Para ilustrar esta questão Marx cita
o fato de as cidades terem crescido às margens dos rios e do litoral quando o
transporte da matéria-prima ainda era feito, sobretudo, por barcos e quando as
fábricas ainda dependiam da força hidráulica. Isso mudou quando surgiu o trem a
vapor, ou seja, as cidades começaram a crescer próximas das fontes de
matéria-prima e/ou seus mercados.
Considerando a teoria marxista, do
materialismo histórico, evidencia-se a necessidade de termos consciência do
nosso entorno, ou melhor, de percebermos o que nos envolve e, muitas vezes, nos
condiciona. Somente assim, será possível ultrapassar o dado como única verdade
e começar a ver a realidade com outros olhos. Nesse sentido convém recuperar a
velha história da Águia e da Galinha (será que é do Leonardo Boff?): um
camponês achou um ovo e o levou para que uma galinha o chocasse. Semanas depois
nasce algo que acaba se criando com os demais pintainhos. Assim, passa a fazer
o que todos fazem. Certo dia o camponês recebe uma visita que logo vê aquela
águia entre as galinhas. Admirado, o visitante inicia um interrogatório... Enfim, o camponês é convencido de que o lugar
da águia é outro, inclusive para o bem das galinhas. Assim, acaba levando a
águia para uma montanha de onde ela pode avistar outra águia. Passado algum
tempo de observação, iniciam-se as tentativas para imitar sua semelhante, até
perceber que ela pode fazer o que a outra faz e partir num voo sem volta.
Então?
E a minha identidade? Quem a constitui ou condiciona? A questão não é querer se
identificar com o símbolo mais importante, ou seja, a águia, o que inclusive
representa um condicionamento do qual é preciso ter consciência. A questão é
constituir nossa identidade de ser humano, inteligente e em relação (comigo e
com o outro (ser humano, natureza, transcendente...)). Identidade minada pela
globalização, que não visa ao bem de todos, mas, ao bem de alguns.
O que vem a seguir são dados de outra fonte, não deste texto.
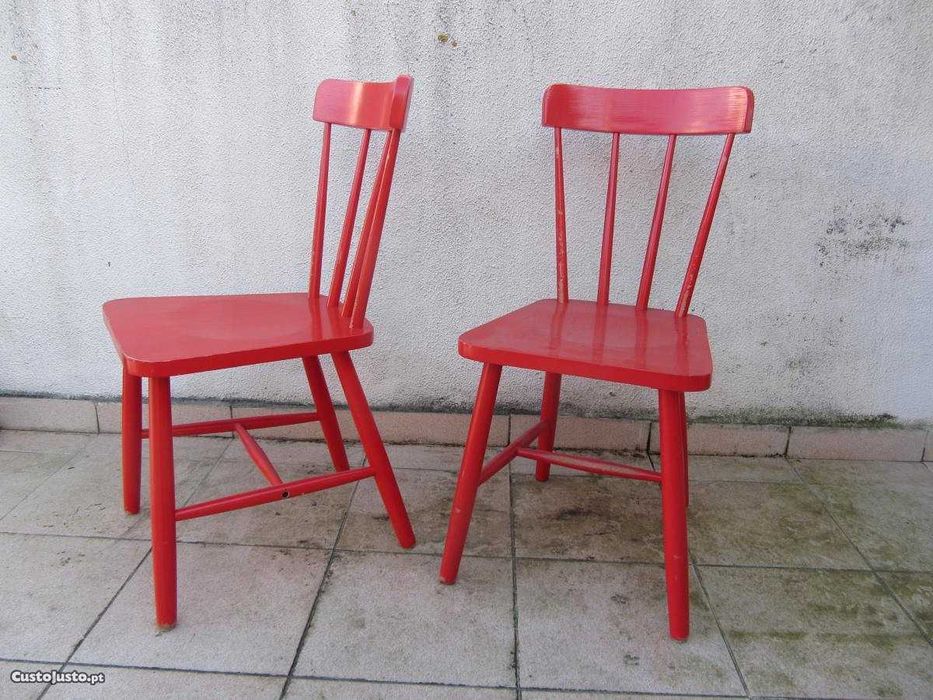 Banco em madeira e Cadeiras Vintage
Enfim, será que vivemos melhor do
que nossos antepassados? Será que a vida melhorou? Para quem? Para quantos? Por
que mesmo tudo isso foi criado? Atualmente quem está dando ordens para nós?
Será que é a biogenética? O que passaremos a criar sob as ordens dela? Para
quê? Para quem? E, no fim das cotas, perceber que a vida dos homens das
cavernas era tão digna, ou até mais, quanto a nossa?
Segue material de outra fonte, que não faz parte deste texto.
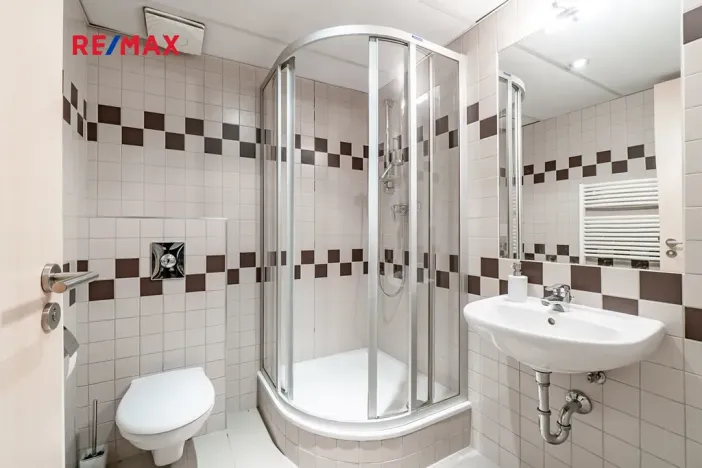 Pronájem kanceláře, Praha - Smíchov, Kováků, 103 m2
Parece que fazemos tanta coisa, mas
se considerarmos o apresentado, percebe-se que muitas criações/invenções são
desnecessárias. Nem parece que o Homem é o ser racional desse mundo.
Aliás, conforme a ideia do
necessário/básico, cada vez mais nos afastamos da vida. Da vida enquanto
natural, possível, digna e desejada por todos. Recuperando: o necessário/básico
é como que o eixo de equilíbrio, o ponto arquimediano a partir do qual poderemos
mover o mundo, ou seja, torna-lo mais humano. Isso sim seria “dominá-lo” de
forma responsável, habitando-o de forma que todos tenham condições dignas para
viver.
O nosso desafio é chegar a esse necessário/básico,
manter-se nele e ajudar aqueles que estão afastados. Uns precisam voltar e
outros avançar. Controlar-se nisso requer muita coragem, responsabilidade,
maturidade ou como diriam os psicólogos: integração afetiva. Inclusive, os
imaturos são os que mais se afastam do básico com a intenção de encontrar a
felicidade através de atalhos. E quanto mais longe, mais coisas supérfluas
geralmente usarão. Creio que seja muito mais difícil voltar (para os que têm
muito), do que avançar (aqueles que nem tem o básico). Porém, a maturidade só
aparece quando se está no básico, isto é, não buscar logo e sempre mais.
Alguns
até tem muito e são felizes, afinal, dinheiro e/ou riquezas também traz felicidade.
Só que, certamente, estes seriam tão satisfeitos (ou mais) se tivessem
simplesmente o básico e ajudassem os outros a tê-lo também.